J'ai une vue d'ensemble des nombreux obstacles à la participation à la politique auxquels sont confrontées les personnes trans et non binaires, mais je suis aussi très conscient qu'il s'agit d'une expérience personnelle et qu'elle est limitée par mes privilèges. Je ne suis pas confrontée à la transmisogynie que subissent les femmes trans et de nombreuses personnes non binaires. Je suis certainement encore confronté à beaucoup de misogynie, qui équivaut à la transphobie dans la mesure où je la subis uniquement parce que je ne suis pas correctement considéré comme un homme. Mais je préfère profiter de cette occasion pour changer le système plutôt que de chercher à être traité comme un homme dans une société inéquitable.
J'ai également pu constater les avantages de la représentation, en ce sens que la présence d'une personne trans à un poste de direction est transformatrice.
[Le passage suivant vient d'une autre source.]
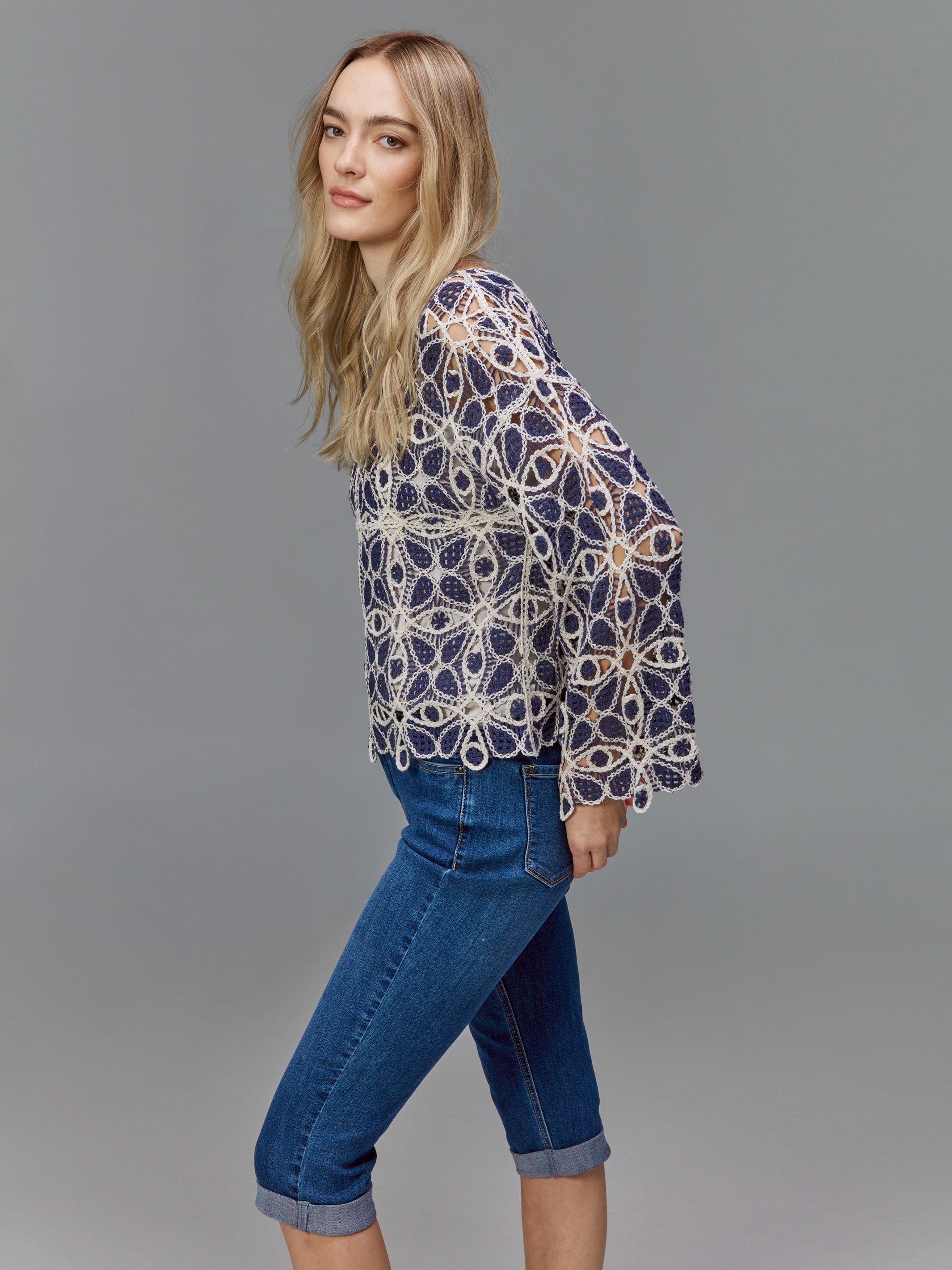 Cotton Blend Crochet Top - Denim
Ma participation contribue à changer la conversation. Il est vraiment difficile d'ignorer l'existence des gens quand ils sont juste en face de vous. Il est certain qu'en étant ici, j'apporte un regard différent sur toutes les politiques, mais il est important de préciser que ce sont mes expériences vécues, et non mon identité seule, qui rendent cela vrai.
D'une certaine manière, je pense que le fait d'être visible publiquement ne fait qu'aggraver la situation, car elle est constante et les gens ont l'impression d'avoir la permission d'attaquer les personnes au pouvoir. D'un autre côté, je suis protégé par le fait que j'occupe une position que beaucoup respectent et que j'ai une communauté forte pour me défendre. J'ai toujours à l'esprit les membres de la communauté trans et non-binaire qui sont excessivement vulnérables, en particulier en raison de l'intersection de l’origine ethnique, de la pauvreté et d'autres facteurs.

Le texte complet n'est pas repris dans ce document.